• **TASK ITEM**
Repeat every line of the data exactly, but not the pictures.

(GIVEN MATERIAL Opens)

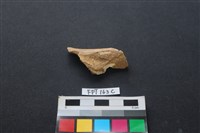 偶蹄類動物骨藏品圖，第1張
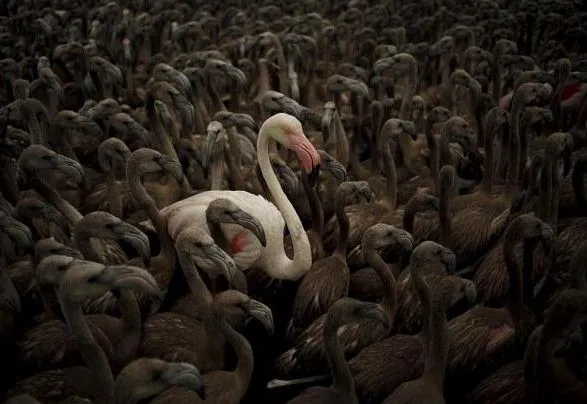 v-ispaniyi-narodilasya-rekordna-kilkist-flamingo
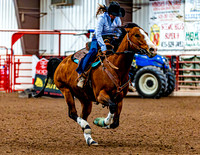 DogAndPony-Sunday-2026-JMrazPhotography-2478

(GIVEN MATERIAL Closes)

• **SOLVED EXERCISE**
 偶蹄類動物骨藏品圖，第1張
 v-ispaniyi-narodilasya-rekordna-kilkist-flamingo
 DogAndPony-Sunday-2026-JMrazPhotography-2478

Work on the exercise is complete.